The biplot shows a wide distribution of countries, reflecting varying levels of socioeconomic development. While many countries cluster near the center, indicating average characteristics, others are positioned at the extremes, representing distinct profiles.

This biplot simplifies complex data into actionable insights, revealing relationships between variables and clustering similar observations

Countries are spread across the biplot, with some clusters near the center, indicating average characteristics, and others spread towards the extremes.
Countries 92, 124, and 134 are located far to the positive end of PC1, suggesting high prosperity levels (high income, gdpp, and life_expec).
Countries like 114 and 50 align more with PC2, possibly indicating high trade activity or inflation.

PC1 and PC2 effectively separate observations based on prosperity metrics and trade factors.

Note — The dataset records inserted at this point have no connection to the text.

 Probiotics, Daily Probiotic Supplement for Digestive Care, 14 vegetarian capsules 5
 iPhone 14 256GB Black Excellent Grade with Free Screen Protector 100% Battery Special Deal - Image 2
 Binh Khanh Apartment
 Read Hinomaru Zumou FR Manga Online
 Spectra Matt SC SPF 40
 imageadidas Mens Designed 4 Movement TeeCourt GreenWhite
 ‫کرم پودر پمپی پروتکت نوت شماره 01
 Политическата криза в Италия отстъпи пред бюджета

Countries with high prosperity are concentrated on the positive side of PC1. Trade-influenced countries align more with PC2.

Clusters and outliers highlight distinct groups of countries with shared characteristics or unique traits.

#For further Analysis, I explored individual points in extreme positions (92, 114, 133) for profiling.
library(kableExtra)

extreme_points <- countrydata[rownames(countrydata) %in% c("92", "114", "133"), ]

extreme_points %>%
  kbl(caption = "Extreme Points (Countries)") %>%
  kable_styling(full_width = FALSE, 
                bootstrap_options = c("striped", "hover", "condensed"),
                position = "center") %>%
  row_spec(0, background = "#f0f8ff", bold = TRUE) %>%  
  row_spec(1:nrow(extreme_points), background = "#e6f2ff")

Extreme Points (Countries)
country	child_mort	exports	health	imports	income	inflation	life_expec	total_fer	gdpp
Luxembourg	2.8	175.0	7.77	142.0	91700	3.62	81.3	1.63	105000
Nigeria	130.0	25.3	5.07	17.4	5150	104.00	60.5	5.84	2330
Sierra Leone	160.0	16.8	13.10	34.5	1220	17.20	55.0	5.20	399

PC 1 differentiates countries based on economic and health characteristics, with prosperous nations like Luxembourg at one end and struggling nations like Sierra Leone at the other.

PC 2 emphasizes trade and inflation dynamics, as seen with Nigeria, where high inflation significantly influences its profile.

CONCLUSION

The PCA reveals two key dimensions driving socioeconomic differences across countries.

PC1 represents economic prosperity and health, with countries like Luxembourg excelling due to high income, life expectancy, and low mortality, while Sierra Leone faces challenges on these fronts.

PC2 reflects trade dynamics and inflation, where Nigeria stands out for its high inflation rates.

Together, these dimensions explain 72.8% of the variance, showing how countries cluster based on development and economic pressures. Overall, the analysis highlights significant disparities in socioeconomic profiles globally.